'''

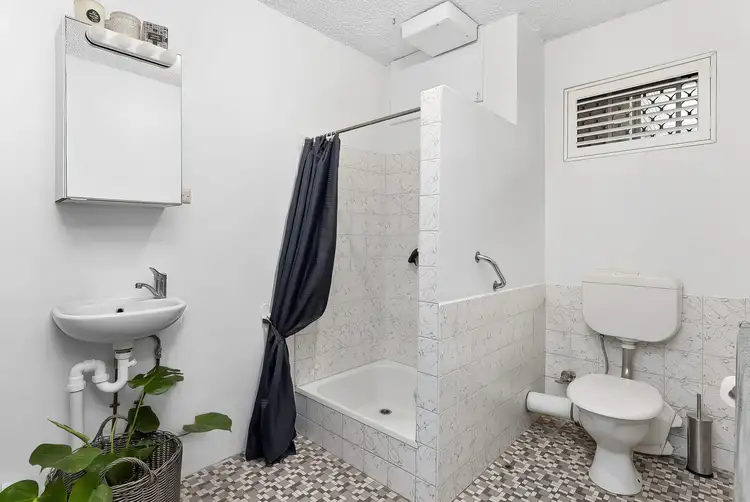 Fifth view of Homely unit listing, 2/552 Sandgate Road, Clayfield QLD 4011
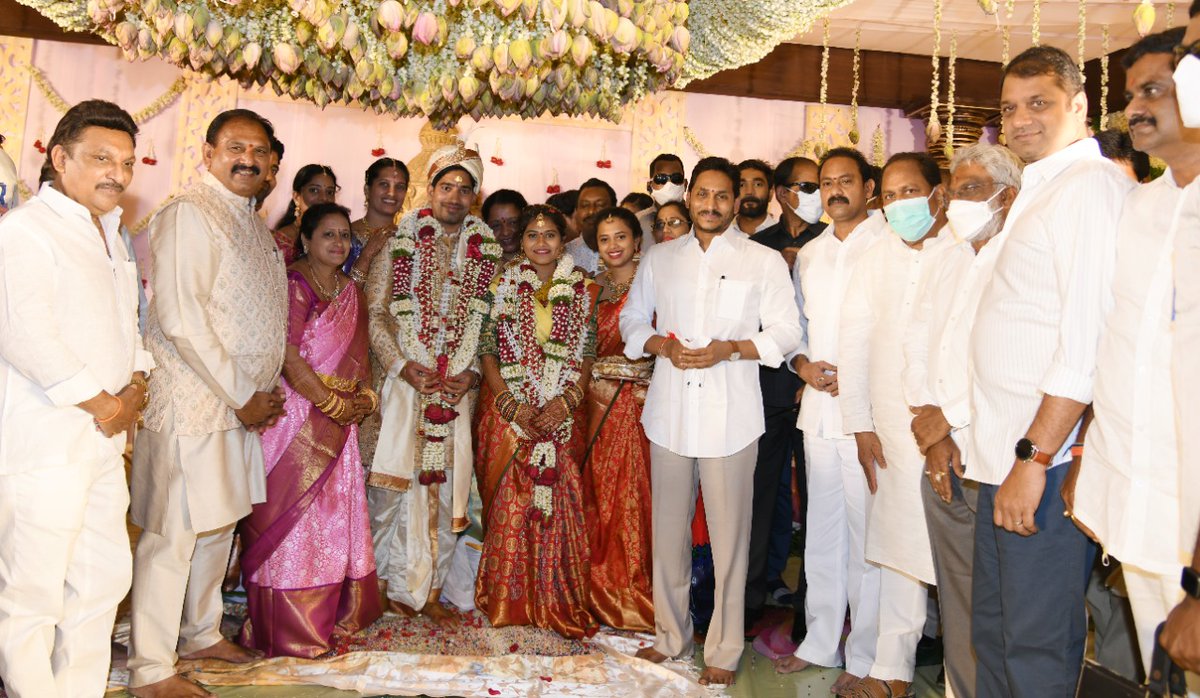 cmo_ap's tweet photo. ఉంగుటూరు ఎమ్మెల్యే పుప్పాల వాసు బాబు కుమార్తె వివాహ వేడుకకు హాజరైన సీఎం శ్రీ వైయస్. జగన్

వధువు స్నిగ్ధ, వరుడు హనీష్ లను ఆశీర్వదించిన సీఎం https://t.co/ml4FR0vKg8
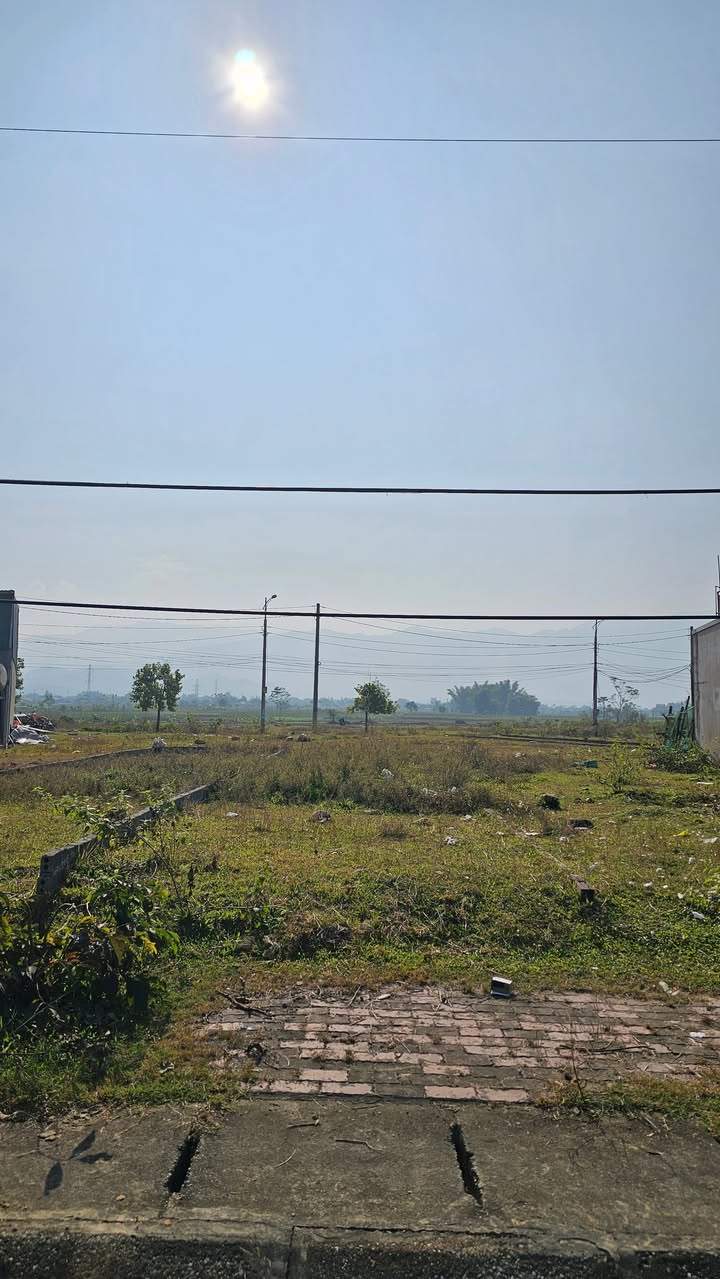 Đất nền khu phố 5 Nghĩa Lộ 80m² giá 1.1 tỷ - Vị trí đẹp gần chợ Mường Lò!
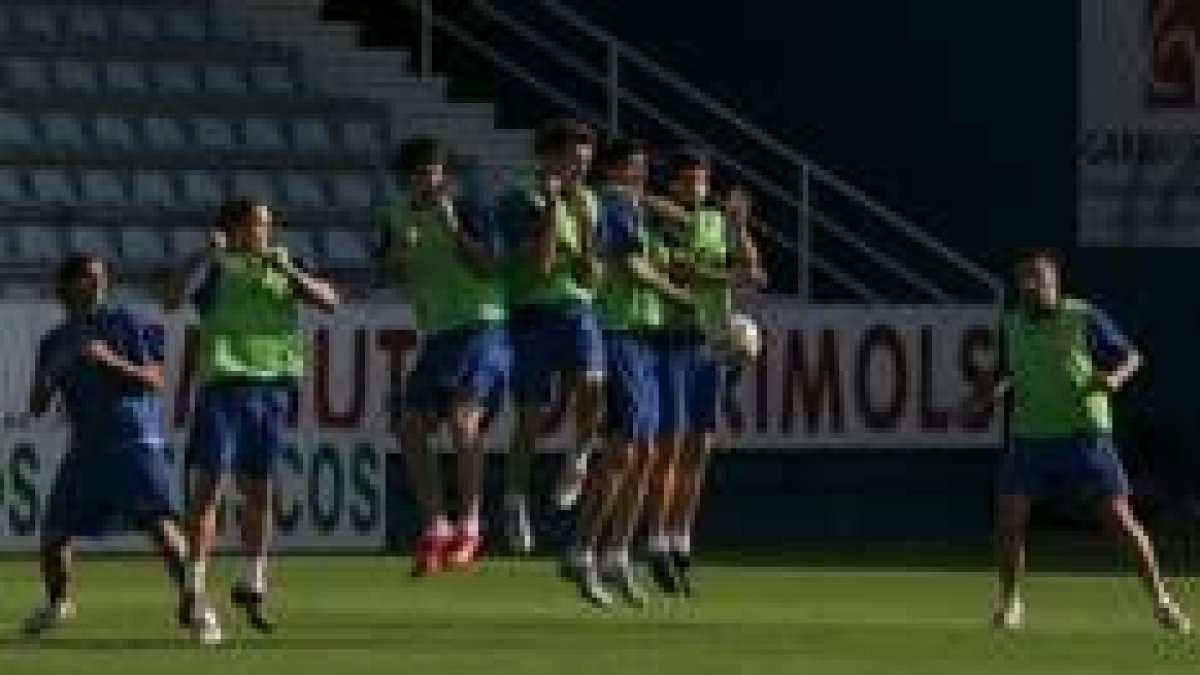 Los titulares para hoy saltaban en barrera ayer en el ensayo matinal celebrado en El Toralín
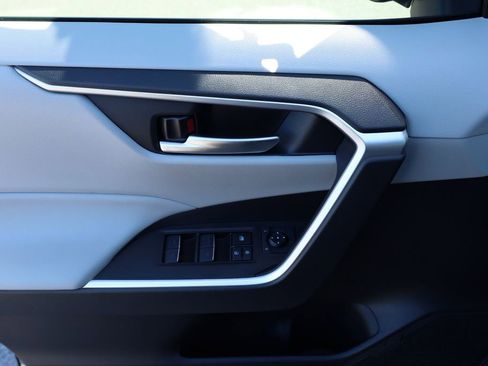 New 2025 Toyota RAV4 XLE image 28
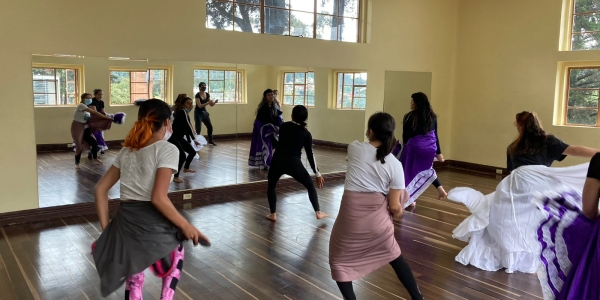 Mujeres bailando en la Casona de la Danza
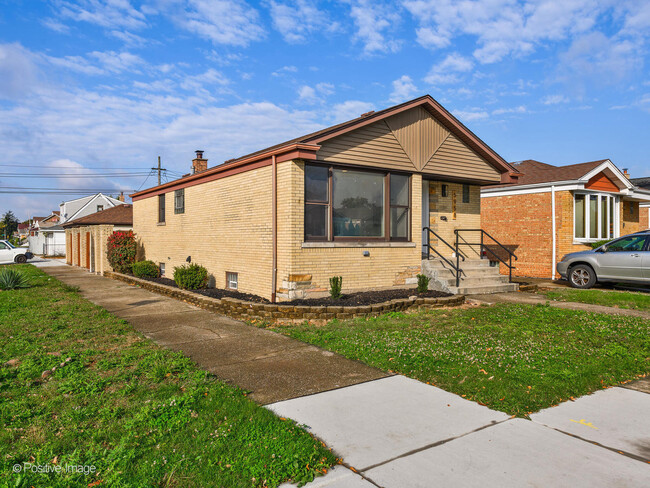 5958 S Massasoit Ave in Chicago, IL - Foto de edificio - Building Photo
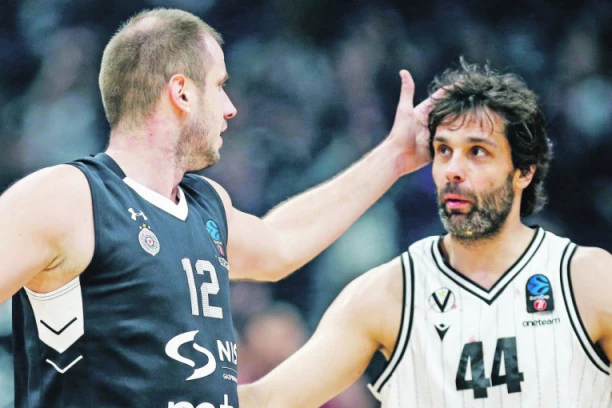 (VIDEO) MILOŠU SE SMEJE CELA EVROPA: Teova "odbrana" postala hit na društvenim mrežama!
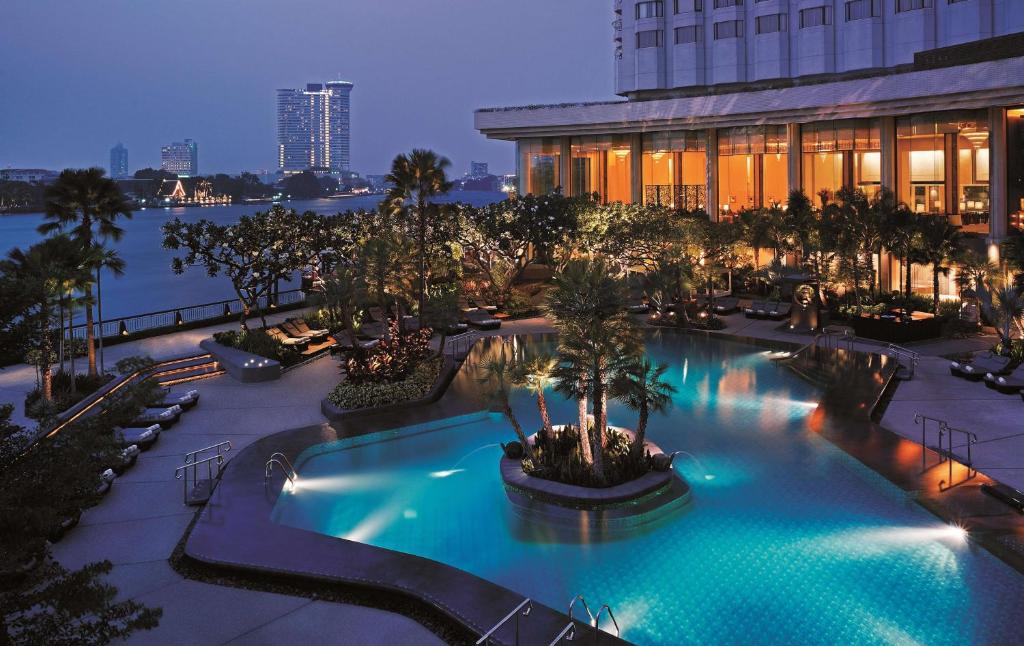 Shangri-La Bangkok Shangri-La Bangkok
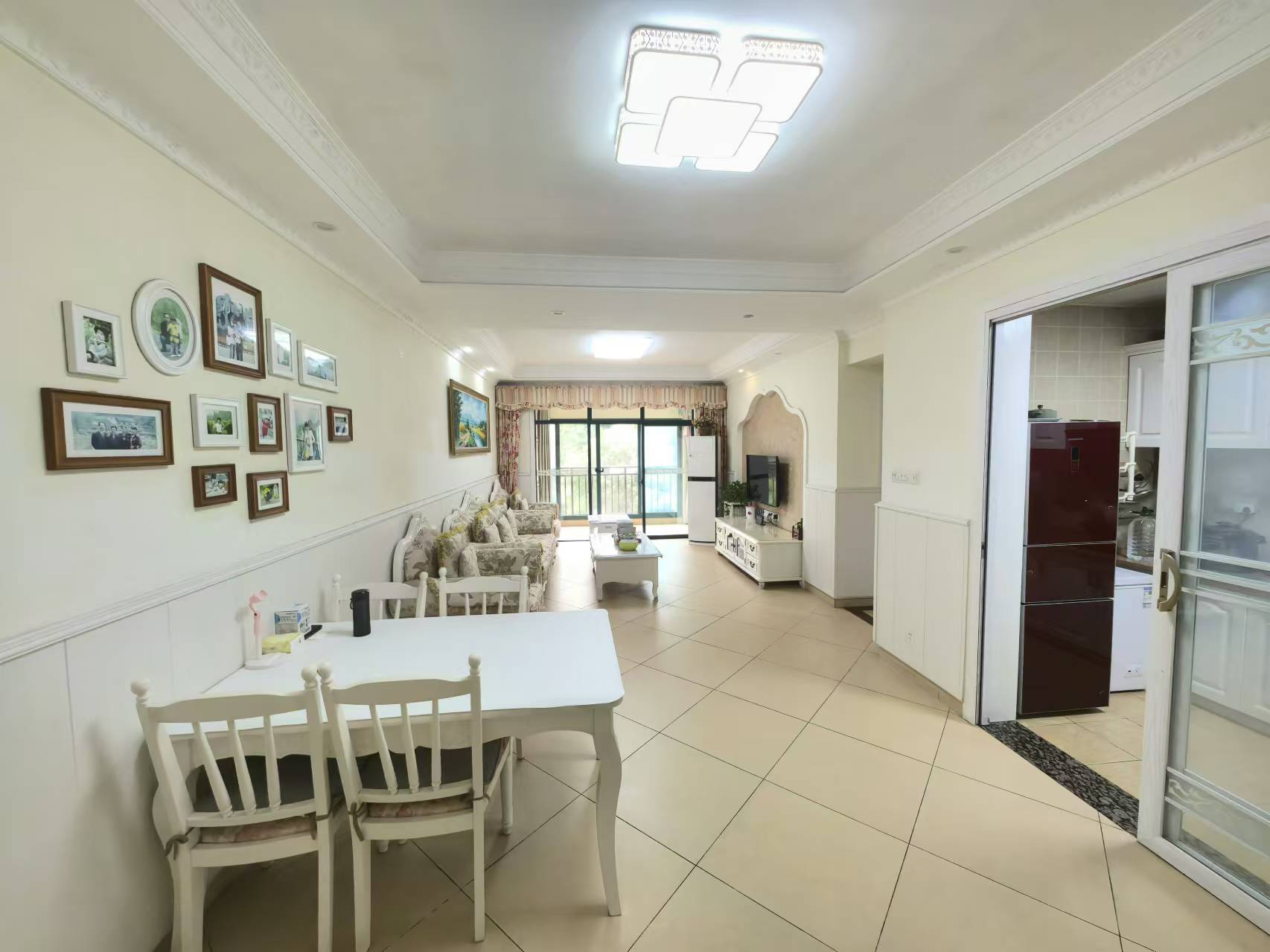 经世皇城 3室2厅2卫 48.0万 经世皇城 3室2厅2卫 48.0万室内图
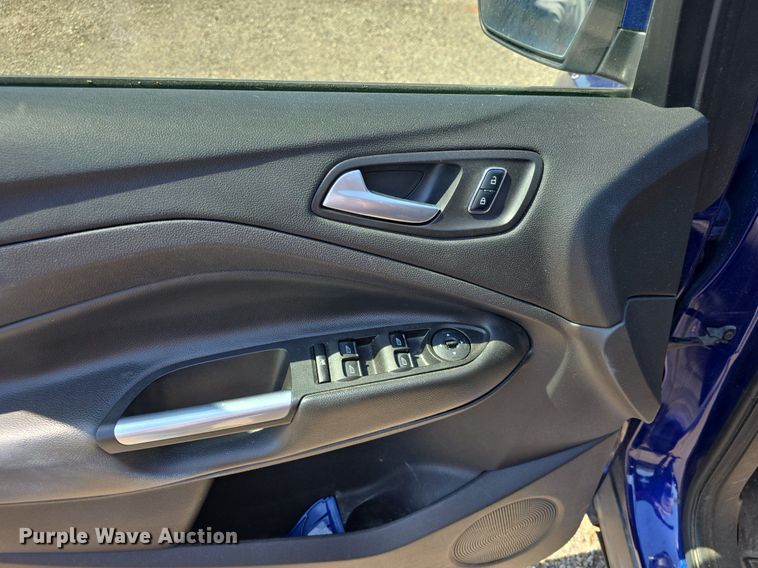 image for item DM1677 2015 Ford Escape SE SUV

'''

● Task: Reproduce the full listing verbatim so that only the pictures are missing.

● Response:
 Fifth view of Homely unit listing, 2/552 Sandgate Road, Clayfield QLD 4011
 cmo_ap's tweet photo. ఉంగుటూరు ఎమ్మెల్యే పుప్పాల వాసు బాబు కుమార్తె వివాహ వేడుకకు హాజరైన సీఎం శ్రీ వైయస్. జగన్

వధువు స్నిగ్ధ, వరుడు హనీష్ లను ఆశీర్వదించిన సీఎం https://t.co/ml4FR0vKg8
 Đất nền khu phố 5 Nghĩa Lộ 80m² giá 1.1 tỷ - Vị trí đẹp gần chợ Mường Lò!
 Los titulares para hoy saltaban en barrera ayer en el ensayo matinal celebrado en El Toralín
 New 2025 Toyota RAV4 XLE image 28
 Mujeres bailando en la Casona de la Danza
 5958 S Massasoit Ave in Chicago, IL - Foto de edificio - Building Photo
 (VIDEO) MILOŠU SE SMEJE CELA EVROPA: Teova "odbrana" postala hit na društvenim mrežama!
 Shangri-La Bangkok Shangri-La Bangkok
 经世皇城 3室2厅2卫 48.0万 经世皇城 3室2厅2卫 48.0万室内图
 image for item DM1677 2015 Ford Escape SE SUV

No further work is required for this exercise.